Ele considera especialmente exagerada a alegação de incompetência da Polícia Civil do Estado do Rio de Janeiro, quando se sabe que foi a Delegacia de Homicídios (DH) do Rio a responsável por ter prendido há anos tanto Ronnie Lessa, quanto Élcio Queiroz e até mesmo o ex-bombeiro. “A DH do Rio até pediu um sonar da Marinha pra tentar buscar as armas no mar e, também, requereu a prisão da esposa do Lessa, além de ter checado os dois mil carros Cobalt (modelo usado no crime) em todo o estado”, frisou.
Para Montenegro, não se pode descartar que membros do governo federal tentem associar a investigação à figura do ex-presidente Jair Bolsonaro (PL). Isso porque as investigações federais podem se focar em circunstâncias que levaram Ronnie Lessa a obter uma perna mecânica por intermédio da ajuda do então deputado Bolsonaro, que afirma que pouco o conhecia.

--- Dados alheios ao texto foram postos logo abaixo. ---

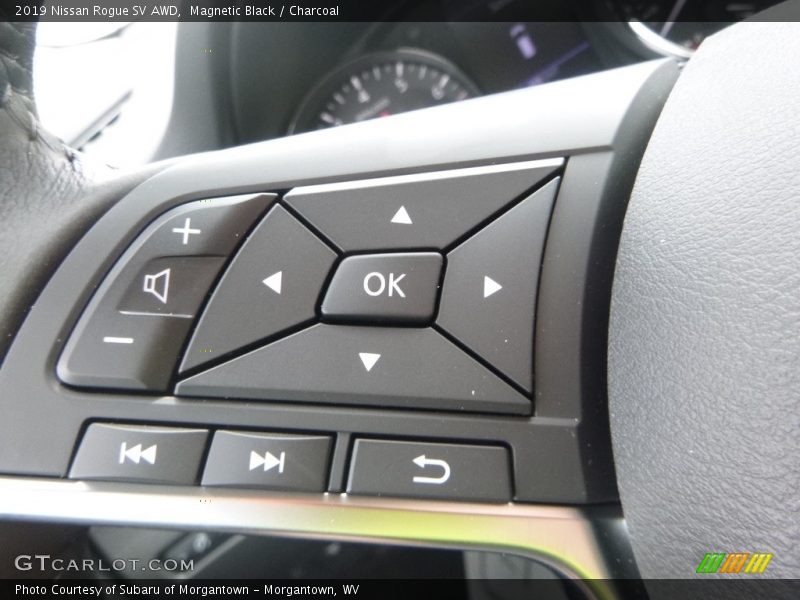 Magnetic Black / Charcoal 2019 Nissan Rogue SV AWD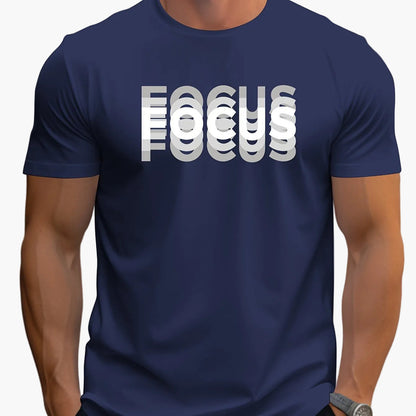 Męski T-shirt z nowoczesnym nadrukiem Focus – casualowa odzież uliczna, koszulka motywacyjna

PT tenta limitar o alcance das colaborações de réus desde 2018
Apesar do esforço do governo em destacar os avanços nas investigações do "caso Marielle" por meio dessa delação, a divulgação confirma uma evidente contradição do PT. O partido do presidente Luiz Inácio Lula da Silva vinha tentando impor limites a esse instrumento de investigação nos últimos anos, apesar dos avanços evidentes que ele trouxe. Uma ação proposta pela legenda nesse sentido foi negada pela Advocacia-Geral da União (AGU) no início de 2022, em parecer enviado ao Supremo Tribunal Federal (STF). Curiosamente, os acordos de colaboração premiada estão previstos na Lei 12.850/2013, sancionada pela então presidente Dilma Rousseff (PT).

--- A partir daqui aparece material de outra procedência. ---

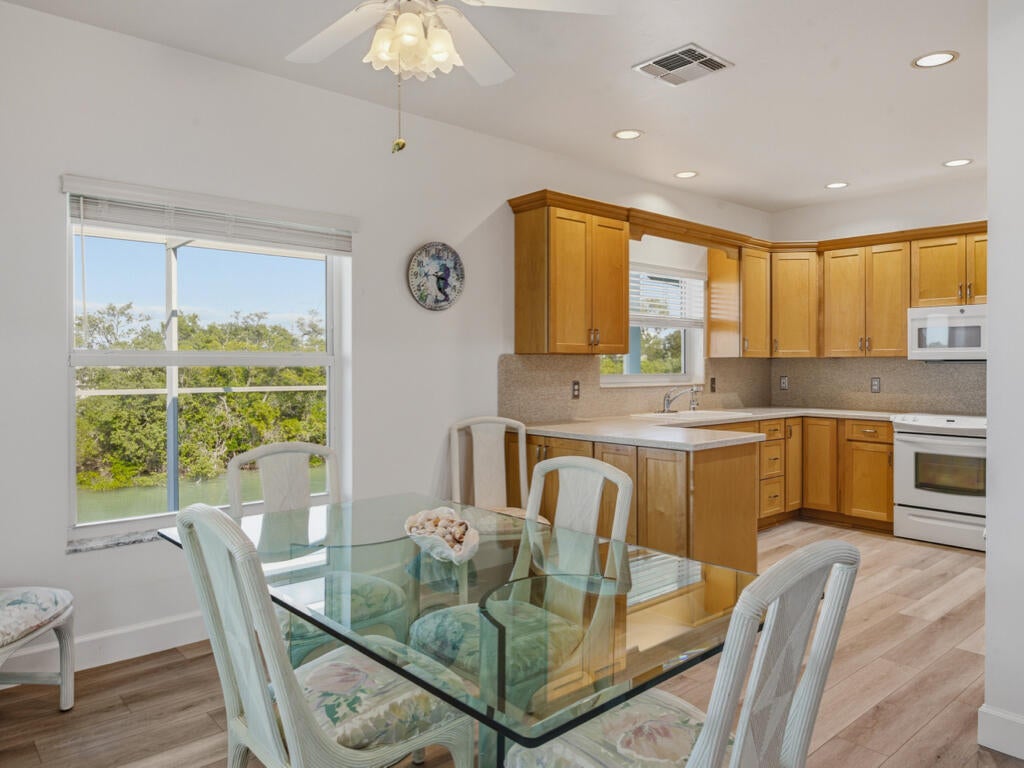 Naples, Florida, 34113, United States, 4 Bedrooms Bedrooms, ,3 BathroomsBathrooms,Residential,Active,2016424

No passado, quando ainda era deputado federal, o atual secretário de Defesa do Consumidor do Ministério da Justiça, Wadih Damous (PT), apresentou três projetos de lei entre 2016 e 2018 para restringir a delação premiada no Brasil. Após a Operação Lava Jato, líderes petistas criticaram o uso desse instrumento em operações policiais. Damous sugeriu que a delação premiada só seria válida se houvesse a participação do delegado responsável pela operação, do investigado e de seu defensor. Se essa interpretação estivesse em vigor, a delação de Élcio de Queiroz não teria valor jurídico.

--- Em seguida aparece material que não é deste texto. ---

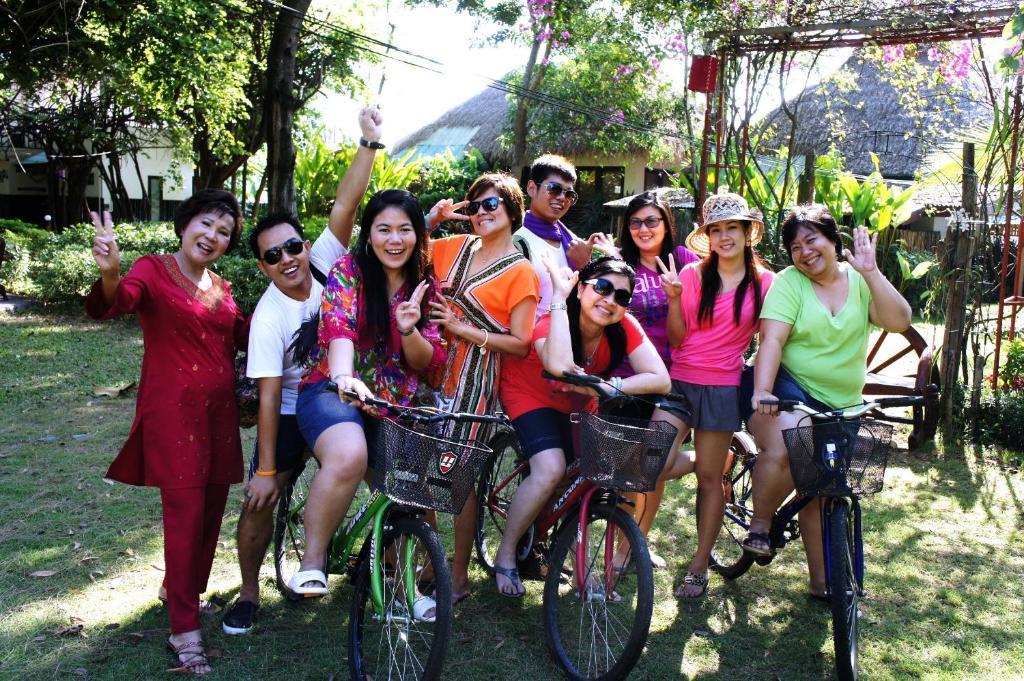 Golden Lake View Boutique Resort Kanchanaburi Ngoại thất bức ảnh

No contexto atual, a delação premiada de Queiroz resultou na prisão preventiva de Suel, o proprietário do carro utilizado para esconder as armas que foram encontradas no apartamento de Ronnie Lessa. Queiroz foi acusado de ter ajudado a jogar o armamento no mar e, em 2021, foi condenado a quatro anos de prisão por obstruir as investigações. Segundo a delação, o PM apontou que Suel também ajudou a preparar o crime, incluindo o monitoramento da rotina de Marielle.
Dino vê presença de milicianos no crime como algo indiscutível
A aparente mudança de postura do PT e de seu governo, ao reconhecer tardiamente a delação como um instrumento valioso para desvendar crimes, contrasta com a visão anterior, na qual esse mecanismo era visto como excessivo e violador de direitos fundamentais, associado até a um Estado fascista. Apesar da divulgação da delação, que não trouxe fatos novos para um crime ocorrido em 2018, surgem questionamentos sobre o interesse de Dino e do governo em produzir resultados que apenas justifiquem avanços na área de Justiça em relação aos governos anteriores. Isso também lança luz sobre a verdadeira crítica do PT, que parece ter sido direcionada não aos métodos adotados com sucesso pela Operação Lava Jato em si, mas sim aos seus alvos.
De acordo com a PF, a delação premiada de Élcio de Queiroz pode resultar em novas descobertas, pois pode encorajar outros investigados a também colaborarem com a justiça por meio de de acordos de delação. Dino afirmou que é "indiscutível" o envolvimento das milícias do Rio de Janeiro no caso do assassinato de Marielle e que novas etapas da investigação revelarão até onde esse envolvimento se estende.